横浜翠嵐・湘南・柏陽・厚木・川和の5校については以下の記事を参照:
進学重点校の教育課程表で見る教育方針の違い - 公立ルートを行く
横浜緑ケ丘高校
「令和2年度教育課程」及び「学校案内パンフレット」より
- 50分授業である。
※SSH指定校で50分授業というのは、多少違和感がある。 - 高1は共通履修で、数IA、化学基礎、生物基礎を必修する。
※高1で物理基礎を履修しないのは湘南高校と同じパターン。 - 高2では、数IIBC、化学を必修する。物理基礎または地学基礎を選択履修する。
※高2で化学を必修するのは、湘南高校と同じパターン。一方で、物理基礎を履修しない(地学基礎で代替する)選択肢が初めて出てきた。高校で「物理」という名が付く科目を全く履修しない可能性があるのか。 - 高3で文系・理系に分かれる。I型(文系コース)では、地理歴史・公民、数学研究αから選択履修する。II型(理系コース)では、数IIIBCまたは数学研究βを履修する。理科については、化学、物理/生物を履修する。
※I型では、自由選択科目として化学基礎、生物基礎を履修できるものの、私大文系受験を前提にしている印象を受ける(湘南の高3文系コースと比べればわかりやすい)。 - SSHの教育課程の特例として「総合的な探究の時間」と「情報」の二つの科目を融合させた授業として「緑の探究I・II・III」が設置されている。
※高2で化学必修なのは、他には湘南と厚木の2校だけである。国公立大学合格実績が上がってきてもおかしくない。進学重点校になることで少し変わるかもしれない。
多摩高校
「教育課程(R4年度入学生)」より
- 70分授業である。
※湘南と同じ。柏陽・厚木(65分)より長い。 - 文系・理系のコース分けはなく、科目選択制である。
- 高1は共通履修で、数IA、化学基礎、物理基礎を必修する。
※高1で生物基礎を履修しないパターンが初めて出てきた。 - 高2では、数IIBC、生物基礎を必修する。化学は選択科目である。
※化学を選択するかしないかで、実質的に文系か理系かが決まる。 - 高3では、数IIIC、化学、物理、生物などを選択履修する。
- SSHの教育課程の特例として「総合的な探究の時間」と「情報」の二つの科目を融合させた授業として、「Meraki I・II・III」が設置されている。

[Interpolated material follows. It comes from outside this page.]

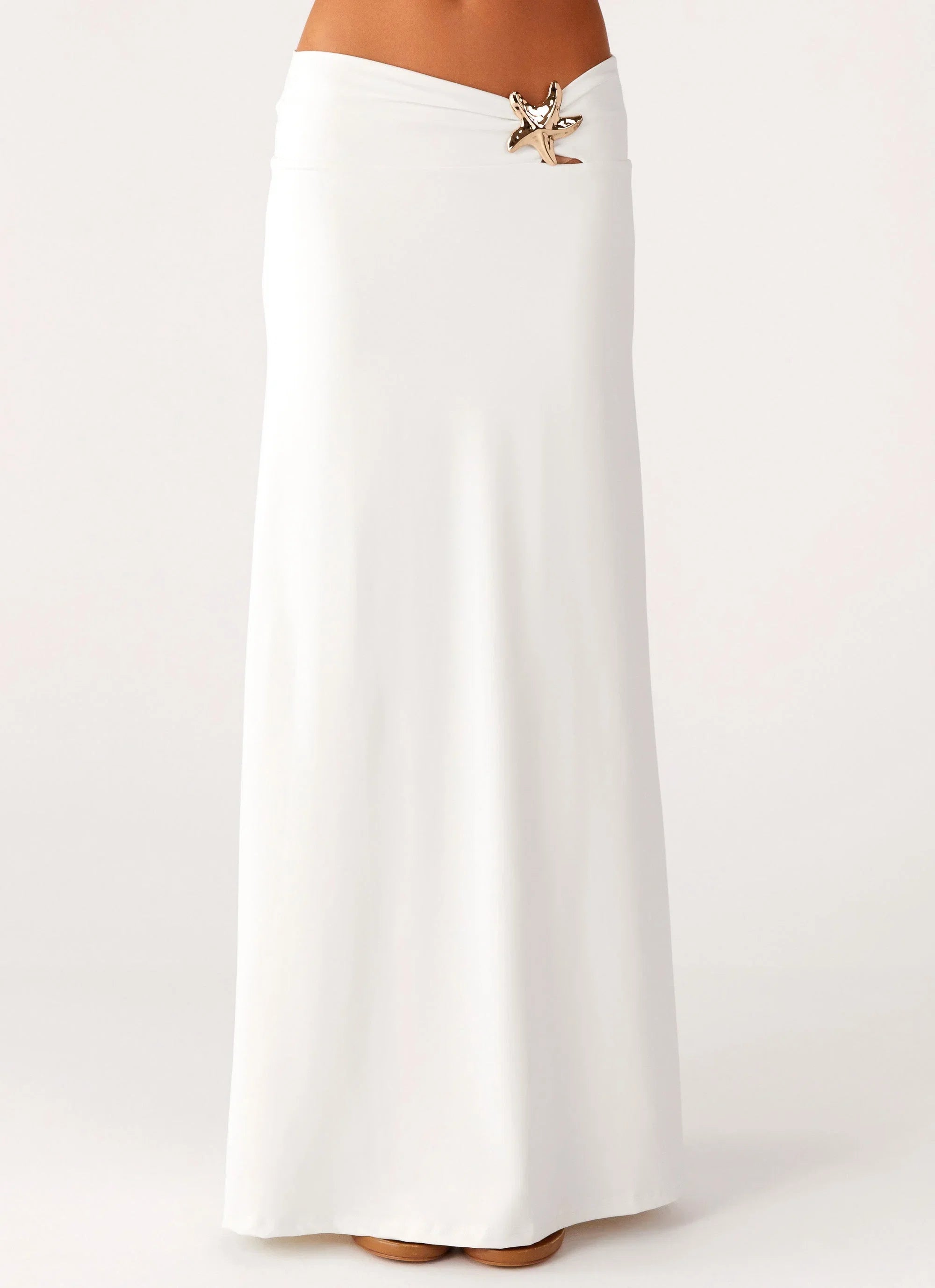 Shoreline Glow Maxi Skirt Off White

※文系・理系のコース分けがなく、生徒が自分の目指す大学に合わせて科目を選択するスタイルが興味深い。
小田原高校
「令和5年度入学生用教育課程」及び「学校案内パンフレット令和5年度版」より
- 65分授業である。
- 高1は共通履修で、数IA、化学基礎、物理基礎、生物基礎を必修する。
- 高2で文系・理系に分かれる。文系コースでは、数II及び数学Σを必修する。理系コースでは、数II、数学Σ、化学、物理/生物を履修する。
※数学Σは、SSHの特例による科目である。 - 高3で国公立文系I型(地歴・公民2科目)、国公立文系II型(地歴・公民1科目、数学1科目)、私立文系、国公立理系I型(数III及び数学Σ)、国公立理系II型(数IIIの代わりに数学特講)、私立理系I(数III及び数学Σ)、私立理系II(数学特講)の7つのコースに分かれる。
※これだけコース分けがあるのは珍しいのではないだろうか。この学校は良い意味で面倒見が良いのだと思う。しかし、多摩高校とは対極のスタンスである。 - 探究として、高1で理数探究基礎及びOdatech I、高2で理数探究、数学Σ及びOdatech II、高3で理数探究(必修)及び数学Σ(理系のみ)を履修する。
※Odatechは、SSHの特例による科目である。
まとめ
- 進学重点校8校の教育課程表を見てきた。高2で文系・理系に分かれるのは、横浜翠嵐、柏陽、川和、多摩、小田原の5校である(高2の選択科目で実質的に文系・理系に分かれる学校を含む)。高3で文系・理系に分かれるのは湘南、厚木、横浜緑ケ丘の3校である。高2で化学を必修するかどうかで決まる。
- 探究に力を入れているのは、厚木、横浜緑ケ丘、多摩、小田原の4校で、全てSSH指定校である。
- 進学重点校8校それぞれに個性がある。どの学校が自分に向いているのか。何を優先するかによって自然に答えは出てくると思う。